◆ **Provided data**:
• • •

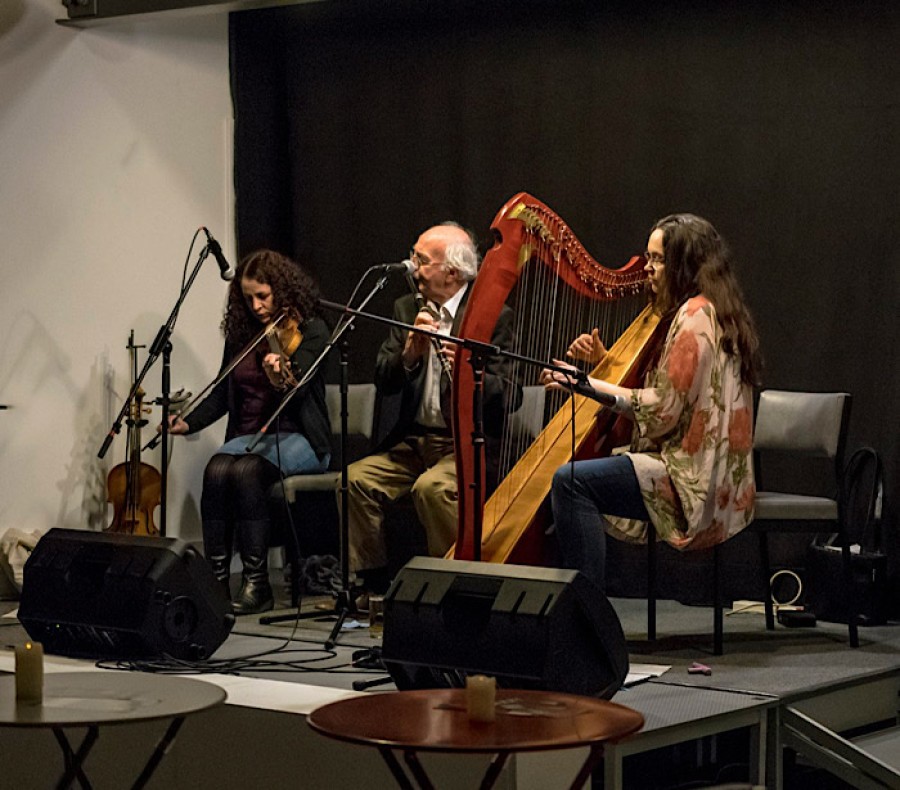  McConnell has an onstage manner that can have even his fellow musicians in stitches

• • •

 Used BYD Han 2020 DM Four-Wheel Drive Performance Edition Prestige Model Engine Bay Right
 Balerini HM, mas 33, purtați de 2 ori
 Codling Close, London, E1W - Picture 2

• • •

◆ **Task prompt**:
An exact, complete copy of the lines above from the one with "Balerini HM, mas 33, purtați de 2 ori" through the one with "Codling Close, London, E1W - Picture 2" is the whole answer.

◆ **Response to this task**:
 Balerini HM, mas 33, purtați de 2 ori
 Codling Close, London, E1W - Picture 2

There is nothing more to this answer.